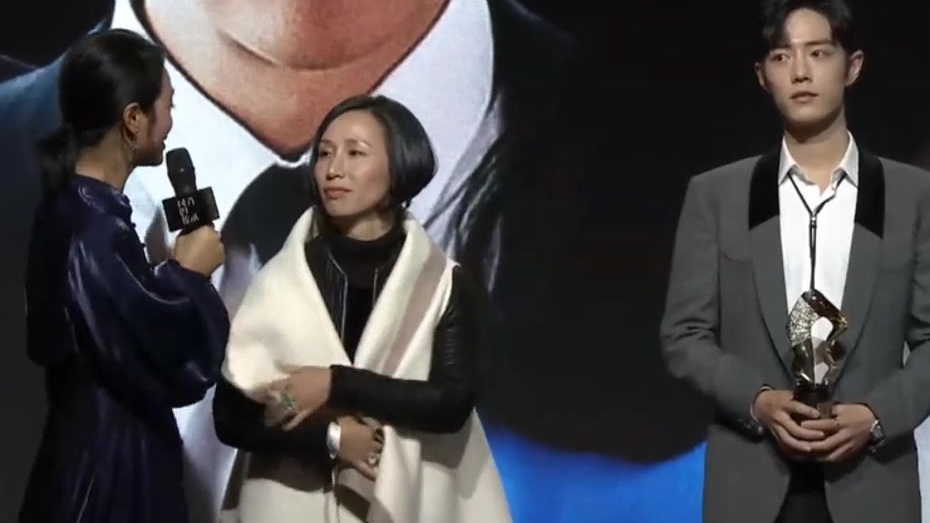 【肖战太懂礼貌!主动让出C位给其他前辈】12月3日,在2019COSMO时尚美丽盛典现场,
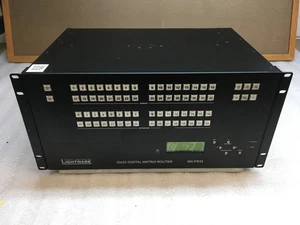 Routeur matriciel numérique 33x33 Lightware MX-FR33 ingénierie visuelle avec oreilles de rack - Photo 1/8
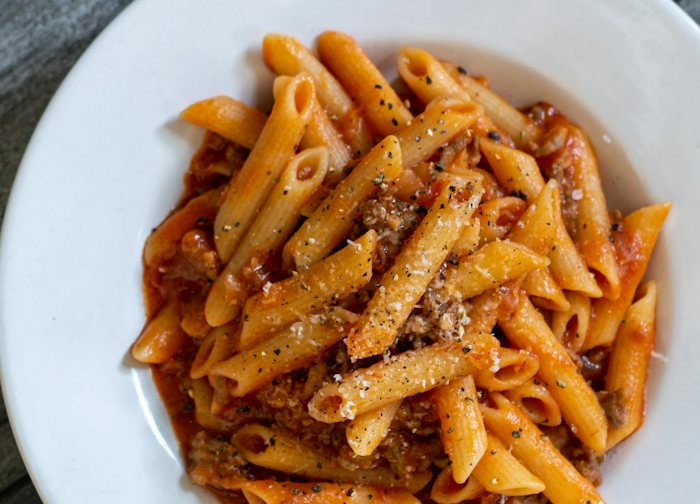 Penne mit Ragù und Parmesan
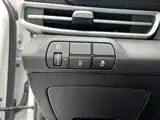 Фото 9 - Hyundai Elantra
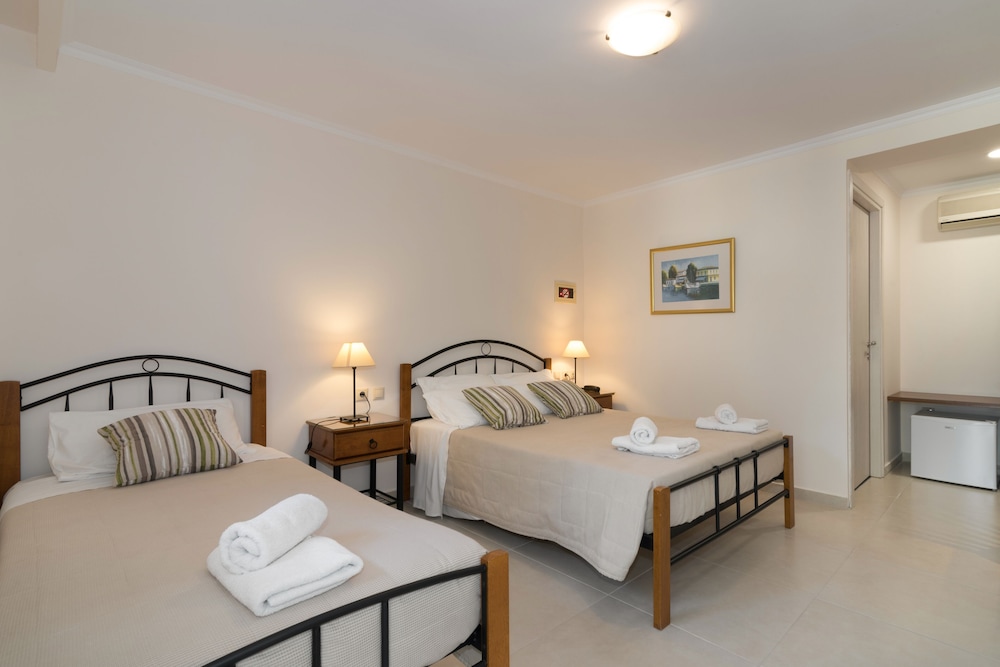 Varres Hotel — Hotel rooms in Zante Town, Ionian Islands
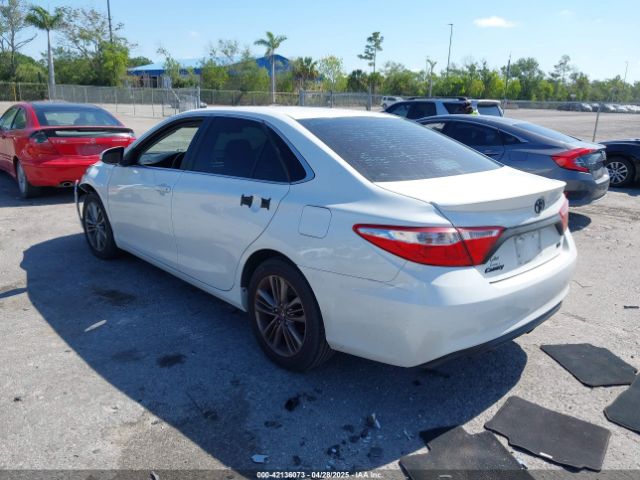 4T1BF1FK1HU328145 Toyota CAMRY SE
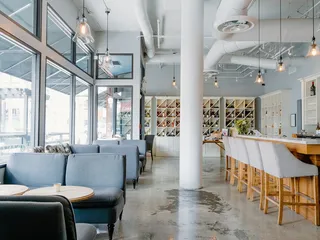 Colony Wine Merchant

...

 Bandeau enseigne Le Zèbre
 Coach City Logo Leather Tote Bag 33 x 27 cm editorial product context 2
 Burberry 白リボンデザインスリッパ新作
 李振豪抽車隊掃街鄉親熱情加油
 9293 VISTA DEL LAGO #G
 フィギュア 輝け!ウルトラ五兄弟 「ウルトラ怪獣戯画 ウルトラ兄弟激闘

---

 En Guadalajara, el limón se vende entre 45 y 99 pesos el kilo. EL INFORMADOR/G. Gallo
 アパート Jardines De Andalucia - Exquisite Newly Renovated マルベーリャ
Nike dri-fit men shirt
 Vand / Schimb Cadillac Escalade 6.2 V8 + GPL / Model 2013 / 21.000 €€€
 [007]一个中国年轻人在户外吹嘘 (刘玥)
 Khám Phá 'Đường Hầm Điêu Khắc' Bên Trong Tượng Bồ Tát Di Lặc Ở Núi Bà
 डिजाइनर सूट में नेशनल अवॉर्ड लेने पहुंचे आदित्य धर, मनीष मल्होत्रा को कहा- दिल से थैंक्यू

What is being asked | From the line that has "En Guadalajara, el" through the line that has "डिजाइनर सूट में", copy every line exactly as it appears above, and leave out all others.

The answer |
 En Guadalajara, el limón se vende entre 45 y 99 pesos el kilo. EL INFORMADOR/G. Gallo
 アパート Jardines De Andalucia - Exquisite Newly Renovated マルベーリャ
Nike dri-fit men shirt
 Vand / Schimb Cadillac Escalade 6.2 V8 + GPL / Model 2013 / 21.000 €€€
 [007]一个中国年轻人在户外吹嘘 (刘玥)
 Khám Phá 'Đường Hầm Điêu Khắc' Bên Trong Tượng Bồ Tát Di Lặc Ở Núi Bà
 डिजाइनर सूट में नेशनल अवॉर्ड लेने पहुंचे आदित्य धर, मनीष मल्होत्रा को कहा- दिल से थैंक्यू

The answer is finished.